Berpendapat memang bukan pelanggaran dan bukan tindak pidana. Kebebasan berpendapat juga merupakan bagian dari Hak Asasi Manusia dan bersifat fundamental. Namun, tidak juga bersifat mutlak. Dalam artian tetap harus ada batasan-batasan yang berlaku dan diatur dalam Undang-Undang. Harus selalu diingat bahwa berpendapat tidak boleh disertai fitnah, ujaran kebencian terlebih bernada SARA dan penghinaan. Begitu juga dengan kritik yang disampaikan kepada pemerintah ataupun pihak tertentu. Kritik haruslah bersifat membangun, bukan bersifat destruktif.
Pentingnya UU ITE
Media sosial kerap digunakan secara bebas untuk menyebarluaskan kebencian. Acapkali media sosial menjadi senjata untuk menyebarkan fitnah dan berita bohong. Permasalahannya, masih banyak masyarakat yang menelan mentah-mentah pemberitaan tersebut. Masih ada masyarakat yang terprovokasi, bahkan begitu saja percaya dan ikut menyebarkan berita tanpa mengecek kebenarannya. Hal seperti ini dapat memicu kekacauan di dalam negeri.

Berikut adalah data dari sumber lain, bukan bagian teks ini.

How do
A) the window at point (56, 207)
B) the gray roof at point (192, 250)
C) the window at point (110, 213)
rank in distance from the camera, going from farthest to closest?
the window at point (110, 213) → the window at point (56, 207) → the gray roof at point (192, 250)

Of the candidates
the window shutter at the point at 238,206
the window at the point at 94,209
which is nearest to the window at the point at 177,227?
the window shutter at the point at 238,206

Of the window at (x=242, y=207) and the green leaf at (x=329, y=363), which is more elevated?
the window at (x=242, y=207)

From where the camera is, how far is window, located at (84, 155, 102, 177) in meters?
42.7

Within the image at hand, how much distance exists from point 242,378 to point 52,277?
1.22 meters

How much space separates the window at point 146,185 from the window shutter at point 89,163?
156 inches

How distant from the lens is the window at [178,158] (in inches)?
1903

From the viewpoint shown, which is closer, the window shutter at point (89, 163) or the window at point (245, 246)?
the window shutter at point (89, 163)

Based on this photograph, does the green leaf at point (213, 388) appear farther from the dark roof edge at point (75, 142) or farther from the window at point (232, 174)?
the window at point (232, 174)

Penyebar kebencian dan berita bohong tidak bisa dibiarkan begitu saja, terlebih jika mendiskreditkan kelompok tertentu dan menodai toleransi. Harus ada aturan yang ditetapkan negara guna melindungi hak warga negara. Negara harus hadir untuk menjamin keamanan masyarakat termasuk dari pemberitaan yang mengusik dan mengancam perdamaian bangsa.

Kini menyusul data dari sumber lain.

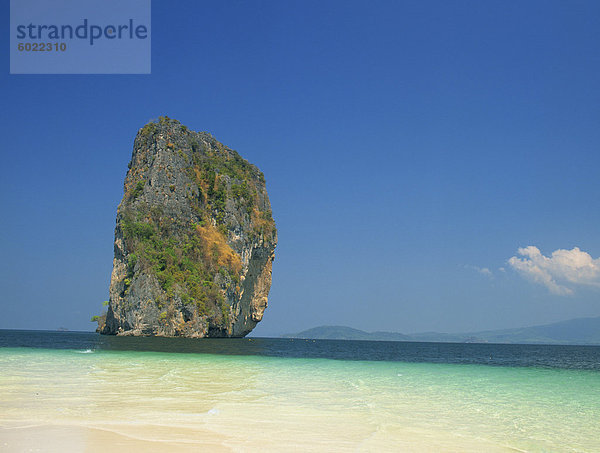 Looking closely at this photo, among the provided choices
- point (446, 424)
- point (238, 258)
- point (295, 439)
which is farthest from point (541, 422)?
point (238, 258)

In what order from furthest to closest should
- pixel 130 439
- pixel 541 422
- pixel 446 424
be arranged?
pixel 541 422 < pixel 446 424 < pixel 130 439

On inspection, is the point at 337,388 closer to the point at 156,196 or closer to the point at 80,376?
the point at 80,376

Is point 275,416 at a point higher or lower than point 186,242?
lower

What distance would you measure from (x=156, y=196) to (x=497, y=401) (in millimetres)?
56524

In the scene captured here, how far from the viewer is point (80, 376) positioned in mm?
14398

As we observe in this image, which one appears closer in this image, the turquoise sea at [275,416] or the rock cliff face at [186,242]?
the turquoise sea at [275,416]

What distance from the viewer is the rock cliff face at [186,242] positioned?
57594mm

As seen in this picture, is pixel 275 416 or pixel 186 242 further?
pixel 186 242

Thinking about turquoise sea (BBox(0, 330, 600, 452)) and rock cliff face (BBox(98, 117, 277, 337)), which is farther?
rock cliff face (BBox(98, 117, 277, 337))

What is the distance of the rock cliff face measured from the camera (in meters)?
57.6

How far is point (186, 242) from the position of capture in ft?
204

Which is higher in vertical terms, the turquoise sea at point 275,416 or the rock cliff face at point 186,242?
the rock cliff face at point 186,242

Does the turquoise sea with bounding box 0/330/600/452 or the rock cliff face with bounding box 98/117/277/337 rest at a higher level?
the rock cliff face with bounding box 98/117/277/337

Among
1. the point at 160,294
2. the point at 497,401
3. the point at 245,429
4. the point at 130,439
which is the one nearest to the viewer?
the point at 130,439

Disinilah fungsi UU ITE yang mengharuskan pengguna media sosial lebih bijak dalam mengekspresikan pendapat. Ekspresi kebebasan berpendapat harus selalu memegang etika. Ujaran kebencian, fitnah dan berita bohong tidak dapat dibenarkan dengan dalih mengancam demokrasi. Undang-undang ITE tetap harus ada jika masih ingin melihat Indonesia sebagai negara beradab.
Pemerintah memiliki hak untuk membatasi hingga melarang perkataan yang merujuk pada hasutan dan kebencian. Masyarakat tidak perlu menganggap UU ITE sebagai momok dalam demokrasi jika kritik yang dilontarkan memang bersifat membangun dan tidak memiliki unsur kebencian.
Revisi UU ITE
Setelah sekian bulan berlalu sejak dibentuknya tim pengkaji revisi UU ITE , akhirnya pemerintah diwakili oleh Menko Polhukam, Mahfud MD memutuskan untuk merevisi beberapa pasal dalam UU ITE yang dianggap sebagai pasal karet. Perlu digaris bawahi bukan dihapus, tetapi direvisi. Karena jika pasal-pasal yang dikatakan sebagai pasal karet tersebut dihapus, maka efek jera untuk para penyebar kebencian akan hilang.
Diharapkan revisi UU ITE tidak dimanfaatkan oleh suatu kelompok ataupun organisasi untuk memenuhi tujuan dan niat tertentu. Masyarakat harus cerdas dalam menyingkapi UU ITE. Jangan menganggap UU ITE sebagai senjata sapujagad, alat untuk membungkam kritik dan mempidanakan orang lain. Jangan ada generalisasi, tidak semua kritik masyarakat dikategorikan tindak pidana hingga dijerat pasal UU ITE.